----- INPUT DATA -----

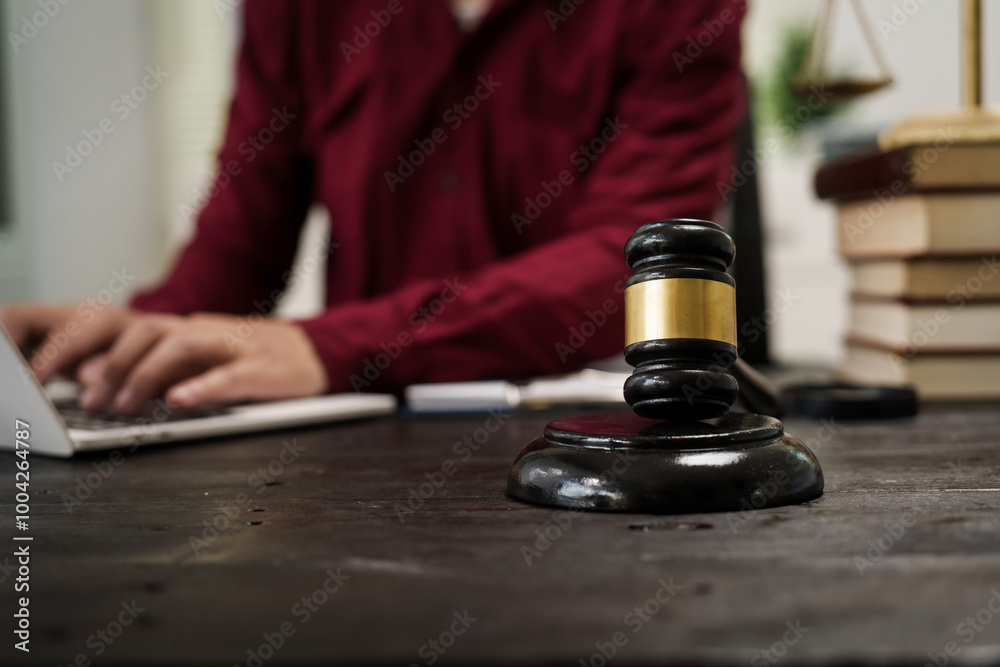 A male lawyer is working at his desk on an online judicial review, focusing on justice, fairness, and legal compliance.He reviews cases, contracts, and legal matters based on general law principles A male lawyer is working at his desk on an online judicial review, focusing on justice, fairness, and legal compliance.He reviews cases, contracts, and legal matters based on general law principles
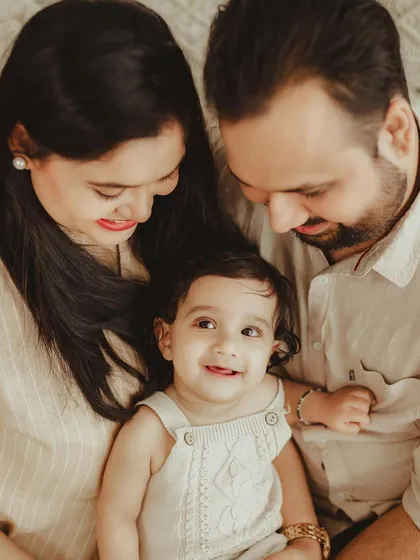 A happy family of three sharing a sweet moment. The warm, earthy tones of their outfits and the setting create a cozy and intimate feel.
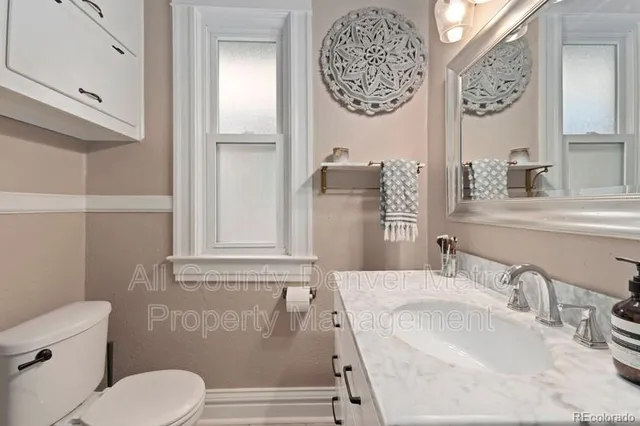 a bathroom with a granite countertop sink mirror vanity and toilet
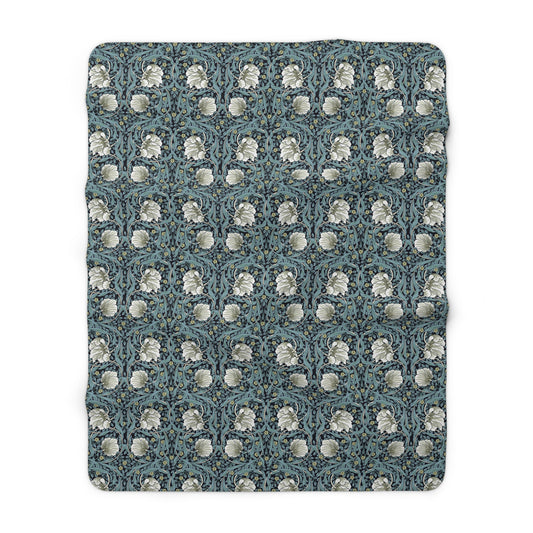 A plush fleece blanket with a geometric William Morris & Co pattern in a slate blue colour, featuring a dense, cozy texture.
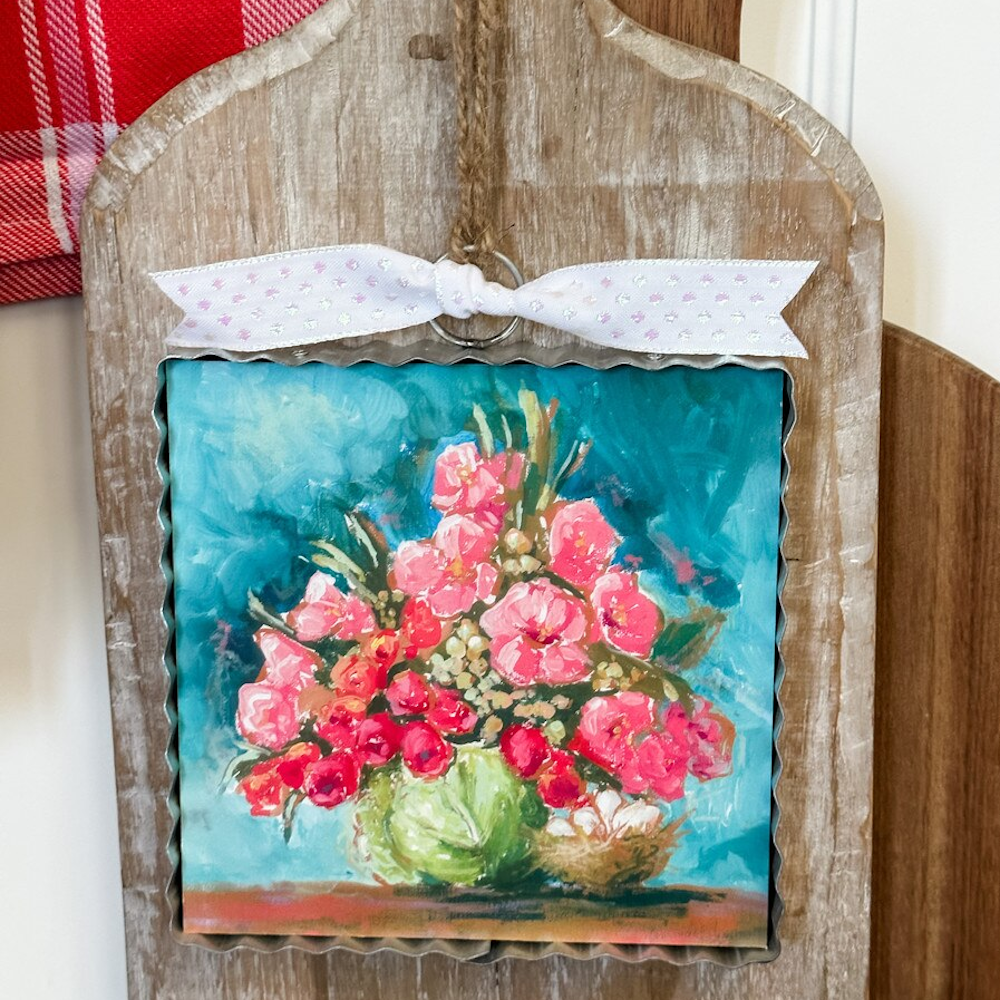 Floral painting of pink flowers in a cabbage vase on a corrugated metal sign with a white bow and twine hanger.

-----

Please print the span that begins at the line holding "A plush fleece" and ends at the last line of the data, both ends included, with no pictures.

 A plush fleece blanket with a geometric William Morris & Co pattern in a slate blue colour, featuring a dense, cozy texture.
 Floral painting of pink flowers in a cabbage vase on a corrugated metal sign with a white bow and twine hanger.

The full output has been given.